_Work instruction_. Take from the data every line in which the word "Black" is found.

_ _ _ _

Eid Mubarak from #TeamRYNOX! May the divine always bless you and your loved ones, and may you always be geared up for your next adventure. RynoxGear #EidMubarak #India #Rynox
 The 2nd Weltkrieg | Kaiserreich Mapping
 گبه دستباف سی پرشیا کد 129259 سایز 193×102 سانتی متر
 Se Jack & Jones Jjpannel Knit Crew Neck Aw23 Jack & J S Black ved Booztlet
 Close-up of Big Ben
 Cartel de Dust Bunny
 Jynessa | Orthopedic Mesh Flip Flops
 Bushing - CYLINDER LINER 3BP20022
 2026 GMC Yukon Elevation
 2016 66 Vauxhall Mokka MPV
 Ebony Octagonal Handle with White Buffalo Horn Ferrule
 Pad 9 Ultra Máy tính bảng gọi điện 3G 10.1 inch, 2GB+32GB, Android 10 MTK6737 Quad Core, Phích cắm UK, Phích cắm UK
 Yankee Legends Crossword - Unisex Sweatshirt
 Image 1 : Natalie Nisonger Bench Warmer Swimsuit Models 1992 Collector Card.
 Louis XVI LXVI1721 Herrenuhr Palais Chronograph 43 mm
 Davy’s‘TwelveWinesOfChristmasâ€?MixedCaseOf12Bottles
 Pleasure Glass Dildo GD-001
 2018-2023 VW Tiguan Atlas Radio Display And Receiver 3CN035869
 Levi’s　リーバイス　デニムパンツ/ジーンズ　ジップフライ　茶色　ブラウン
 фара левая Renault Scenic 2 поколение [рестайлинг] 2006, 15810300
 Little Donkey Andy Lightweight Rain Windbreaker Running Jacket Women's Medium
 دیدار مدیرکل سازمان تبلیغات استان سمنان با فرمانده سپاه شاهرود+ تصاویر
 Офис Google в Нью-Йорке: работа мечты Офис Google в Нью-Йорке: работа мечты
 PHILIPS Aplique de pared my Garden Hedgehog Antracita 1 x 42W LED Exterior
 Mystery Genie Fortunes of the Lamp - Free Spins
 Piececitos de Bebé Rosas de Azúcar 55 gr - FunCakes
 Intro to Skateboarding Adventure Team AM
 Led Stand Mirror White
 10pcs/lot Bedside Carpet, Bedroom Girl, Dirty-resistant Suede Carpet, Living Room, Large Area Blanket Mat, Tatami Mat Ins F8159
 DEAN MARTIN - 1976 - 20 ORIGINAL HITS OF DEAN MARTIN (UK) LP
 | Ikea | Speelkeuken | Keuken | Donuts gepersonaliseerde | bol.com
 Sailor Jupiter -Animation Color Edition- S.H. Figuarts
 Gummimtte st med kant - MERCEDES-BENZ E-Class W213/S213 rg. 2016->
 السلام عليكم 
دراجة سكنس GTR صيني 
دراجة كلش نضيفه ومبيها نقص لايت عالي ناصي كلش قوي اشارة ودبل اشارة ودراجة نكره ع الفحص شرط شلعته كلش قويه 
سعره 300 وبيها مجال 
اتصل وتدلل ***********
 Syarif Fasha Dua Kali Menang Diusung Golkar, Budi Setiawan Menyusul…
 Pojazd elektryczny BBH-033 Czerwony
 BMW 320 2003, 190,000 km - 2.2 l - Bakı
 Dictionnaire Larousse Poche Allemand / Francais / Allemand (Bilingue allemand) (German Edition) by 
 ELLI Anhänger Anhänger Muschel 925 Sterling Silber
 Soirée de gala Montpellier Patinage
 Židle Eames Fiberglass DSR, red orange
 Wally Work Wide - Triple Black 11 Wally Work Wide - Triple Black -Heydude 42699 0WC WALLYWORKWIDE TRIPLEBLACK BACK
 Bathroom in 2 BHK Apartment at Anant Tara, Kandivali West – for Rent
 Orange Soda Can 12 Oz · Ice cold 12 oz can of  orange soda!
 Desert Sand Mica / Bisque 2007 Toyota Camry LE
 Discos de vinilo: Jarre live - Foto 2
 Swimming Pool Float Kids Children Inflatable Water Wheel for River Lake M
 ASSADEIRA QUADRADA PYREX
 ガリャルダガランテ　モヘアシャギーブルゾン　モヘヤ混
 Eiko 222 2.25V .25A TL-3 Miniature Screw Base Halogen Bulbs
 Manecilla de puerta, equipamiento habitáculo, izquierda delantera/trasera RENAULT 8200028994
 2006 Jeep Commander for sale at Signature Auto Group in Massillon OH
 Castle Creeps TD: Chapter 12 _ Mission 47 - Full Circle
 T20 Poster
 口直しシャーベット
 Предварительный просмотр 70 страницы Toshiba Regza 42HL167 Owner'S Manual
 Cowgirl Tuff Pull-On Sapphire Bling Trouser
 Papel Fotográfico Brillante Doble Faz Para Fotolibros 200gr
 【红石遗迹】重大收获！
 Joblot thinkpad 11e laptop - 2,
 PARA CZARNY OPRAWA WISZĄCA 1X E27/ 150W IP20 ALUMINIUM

_ _ _ _

_Expected answer_.
 Se Jack & Jones Jjpannel Knit Crew Neck Aw23 Jack & J S Black ved Booztlet
 Wally Work Wide - Triple Black 11 Wally Work Wide - Triple Black -Heydude 42699 0WC WALLYWORKWIDE TRIPLEBLACK BACK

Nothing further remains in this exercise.